Compare

✅ Compare — How to Use AI to Review Your Japanese Reconstruction

This guide explains how to use the Compare step after reconstructing a Japanese dialogue from memory.

After listening, repeating, writing, and analyzing your Japanese sentences, you can compare your version with the original text. This comparison helps you understand what you remembered correctly, what changed in meaning, and what should be improved.

How to use this step

In the Compare step, your goal is not to make your text exactly identical to the original dialogue.

Instead, you should check:

  • which ideas you remembered correctly;
  • which sentences are grammatically correct;
  • which sentences are different but still natural Japanese;
  • which differences changed the meaning or narrative;
  • which parts were added, omitted, or misunderstood.

To make this analysis easier, you can use an external AI assistant, such as ChatGPT/Gemine, as a study support tool.

1. Example prompt

You can copy and adapt the prompt below:

I reconstructed this Japanese dialogue from memory.

Compare my reconstruction with the original text.

Please:
- point out only real grammar mistakes, if any;
- do not consider differences between kanji and hiragana as mistakes;
- separate grammar mistakes from sentences that are only different;
- explain differences in meaning or narrative;
- tell me which sentences are still natural Japanese;
- show information that I added or omitted;
- evaluate my overall reconstruction as a comprehension and production exercise.

My reconstruction:
[paste the text you wrote here]

Original text:
[paste the original text here]

2. How to understand the AI feedback

After receiving the AI analysis, do not automatically change everything that is different.

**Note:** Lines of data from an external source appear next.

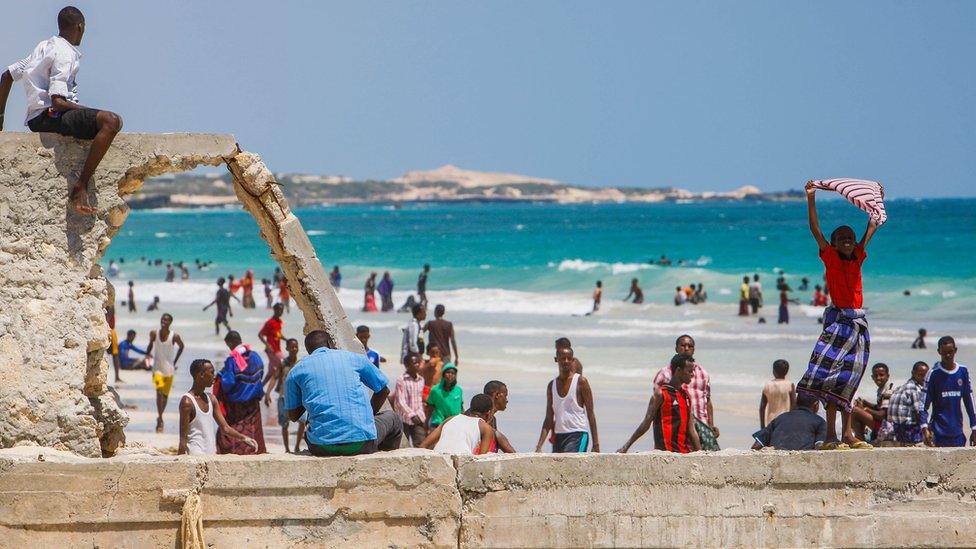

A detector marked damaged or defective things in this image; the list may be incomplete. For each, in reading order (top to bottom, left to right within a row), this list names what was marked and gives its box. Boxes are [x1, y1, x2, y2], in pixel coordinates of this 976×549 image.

broken concrete arch [0, 131, 362, 456]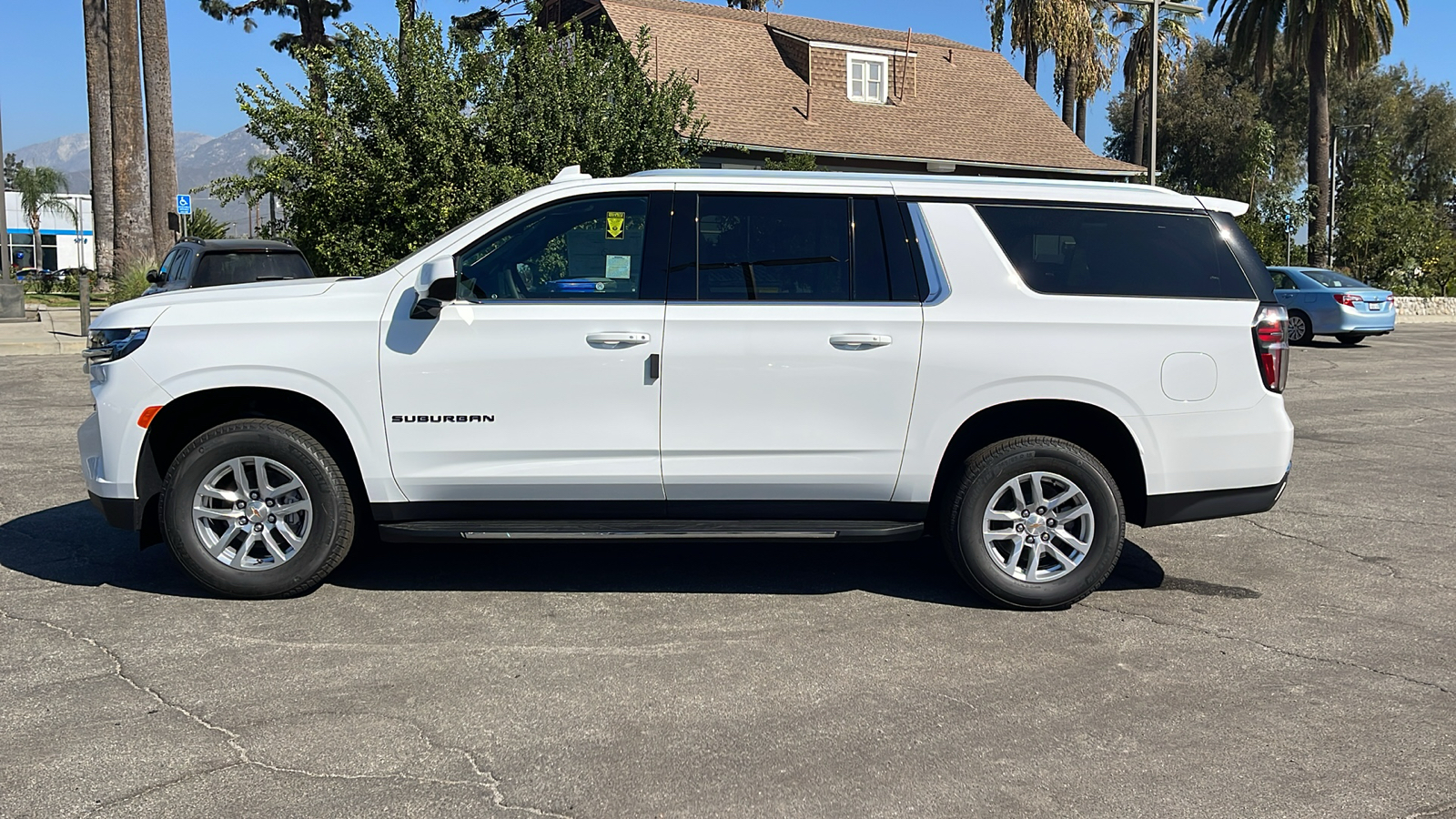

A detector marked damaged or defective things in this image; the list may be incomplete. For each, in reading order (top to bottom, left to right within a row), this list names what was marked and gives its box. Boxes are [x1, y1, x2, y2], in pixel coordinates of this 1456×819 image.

crack in asphalt [1240, 512, 1456, 588]
crack in asphalt [1077, 600, 1450, 693]
crack in asphalt [0, 600, 573, 815]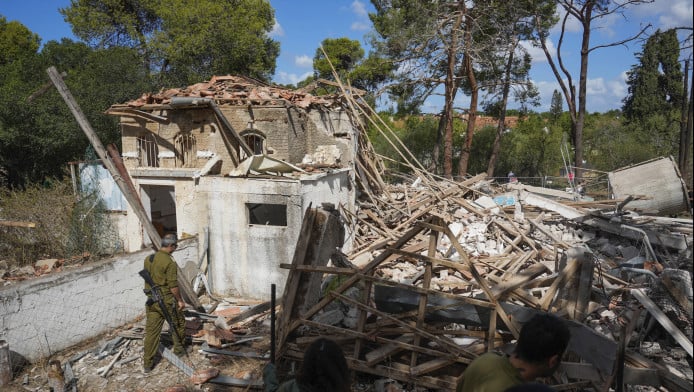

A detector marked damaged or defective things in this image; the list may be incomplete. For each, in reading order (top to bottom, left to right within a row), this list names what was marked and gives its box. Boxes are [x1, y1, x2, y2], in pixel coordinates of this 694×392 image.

damaged window [137, 135, 158, 167]
damaged window [175, 132, 197, 168]
damaged window [247, 202, 288, 227]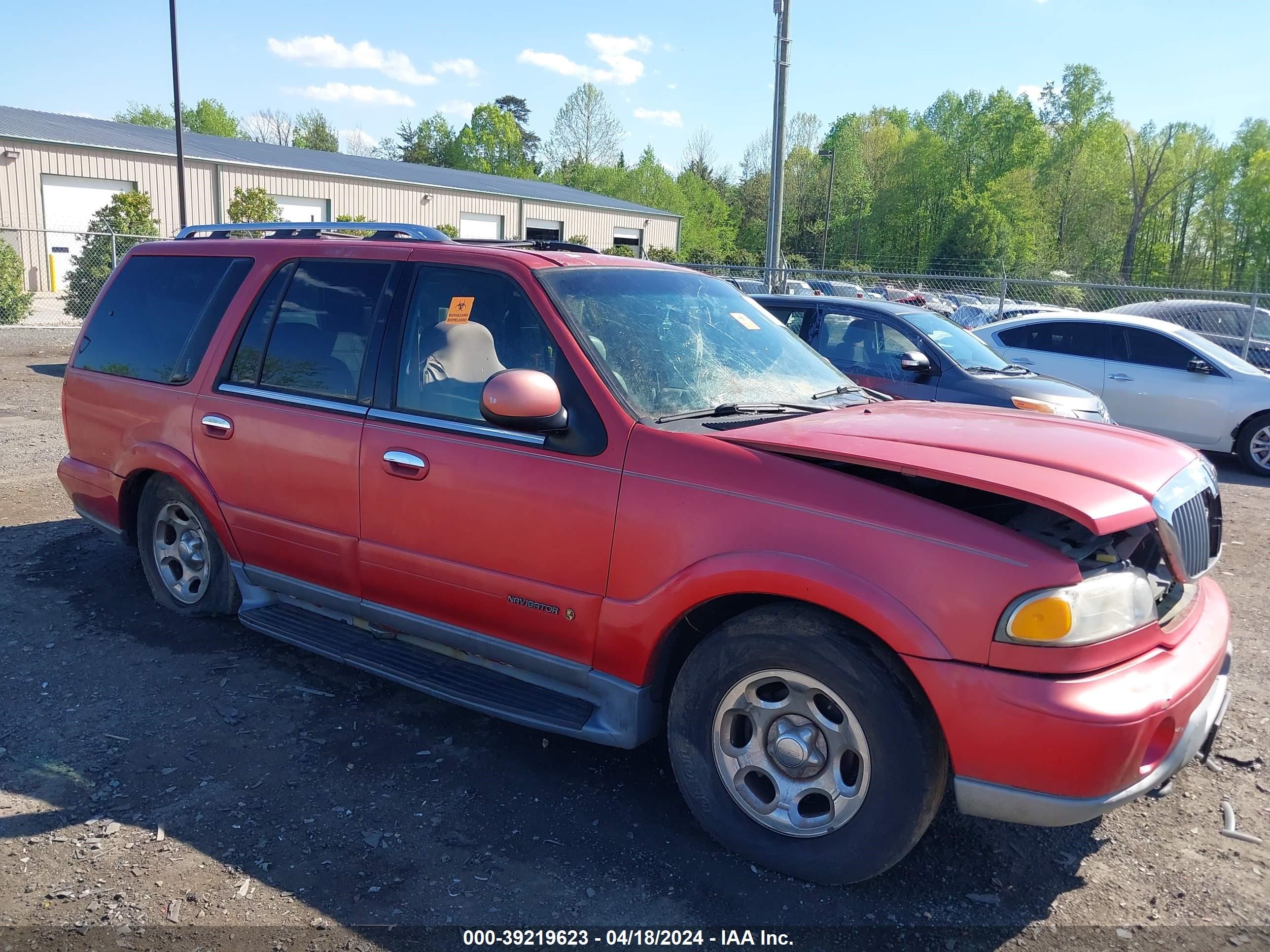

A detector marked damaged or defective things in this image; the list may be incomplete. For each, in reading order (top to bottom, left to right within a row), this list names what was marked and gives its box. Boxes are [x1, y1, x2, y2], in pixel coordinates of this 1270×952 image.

damaged windshield [536, 268, 864, 418]
cracked windshield [540, 266, 868, 420]
damaged hood [714, 400, 1199, 536]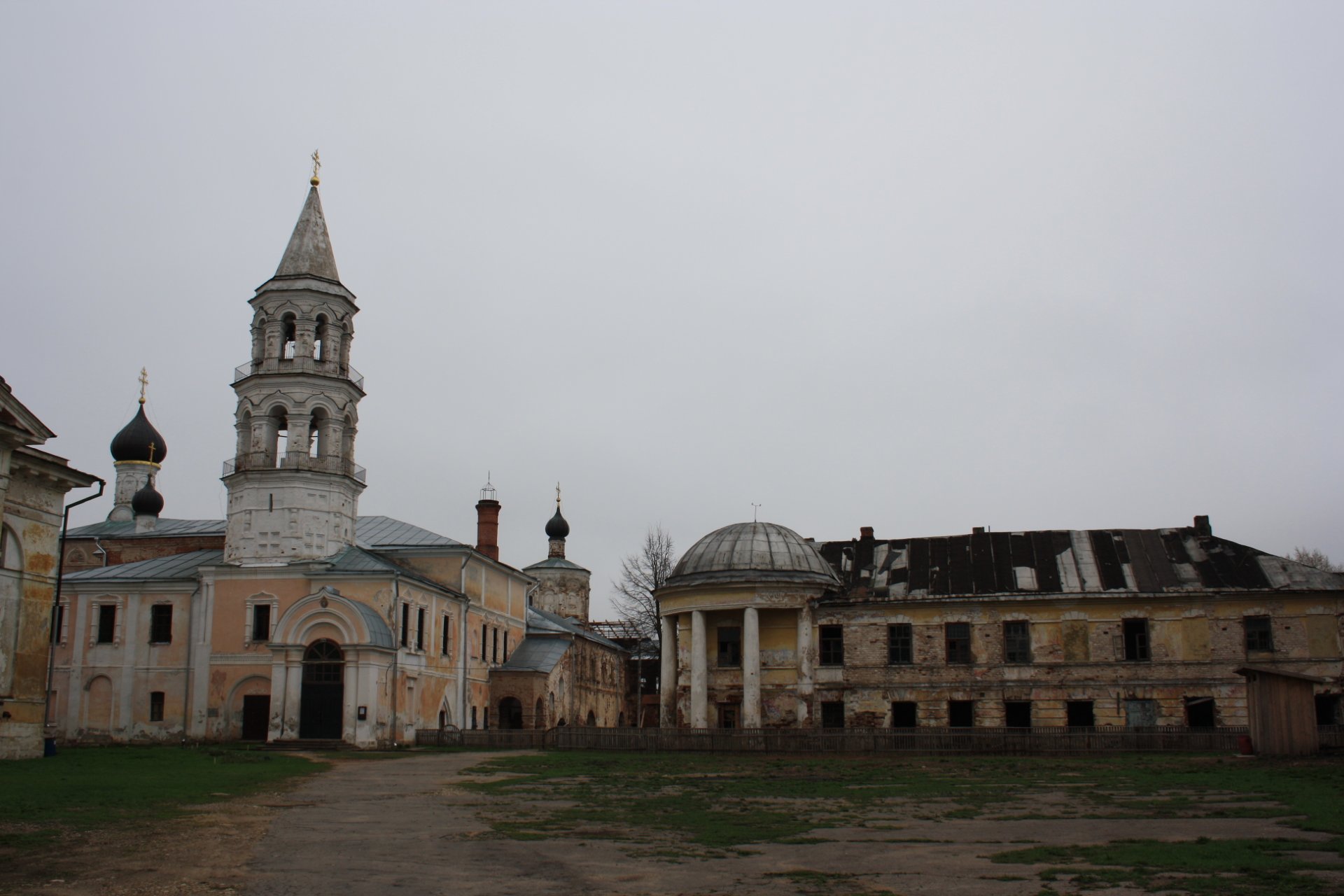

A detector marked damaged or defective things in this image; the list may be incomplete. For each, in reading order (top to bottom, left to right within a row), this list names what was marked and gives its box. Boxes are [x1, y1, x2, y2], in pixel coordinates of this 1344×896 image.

broken window [95, 602, 115, 644]
broken window [148, 602, 172, 644]
broken window [252, 605, 270, 641]
broken window [717, 627, 739, 669]
broken window [818, 627, 840, 669]
broken window [885, 627, 907, 661]
broken window [941, 622, 969, 666]
broken window [1002, 622, 1036, 666]
broken window [1120, 619, 1148, 661]
broken window [1238, 616, 1271, 650]
broken window [818, 700, 840, 728]
broken window [890, 700, 913, 728]
broken window [946, 700, 974, 728]
broken window [1002, 700, 1036, 728]
broken window [1064, 700, 1098, 728]
broken window [1187, 700, 1221, 728]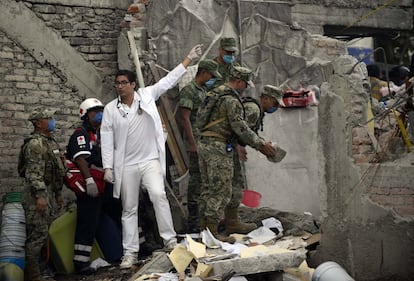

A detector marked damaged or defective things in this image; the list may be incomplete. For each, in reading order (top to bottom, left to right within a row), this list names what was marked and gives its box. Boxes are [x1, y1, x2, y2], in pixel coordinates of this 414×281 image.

First, check whether each difference is:

  • a real grammar mistake;
  • a natural alternative expression;
  • a small change in meaning;
  • an important narrative difference;
  • an added or missing detail.

The goal is to improve your Japanese awareness, not to simply copy the original text.

3. Important: Different does not always mean wrong

A good reconstruction does not need to be 100% identical to the original dialogue.

If your version keeps the general meaning, uses understandable Japanese, and follows the situation correctly, the exercise is already helping you develop real language skills.

This kind of practice trains:

  • listening comprehension;
  • memory recall;
  • sentence construction;
  • Japanese grammar awareness;
  • active language production.
Final tip
For better practice, follow this cycle: listen → repeat → remember → write → analyze → compare → listen again
Go back to the app, listen again, and keep improving your Japanese.

The more you compare your own Japanese with the original text, the easier it becomes to notice patterns, particles, vocabulary, and natural sentence structure.

Reconstruction is not just memorization. It is an active way to train your Japanese.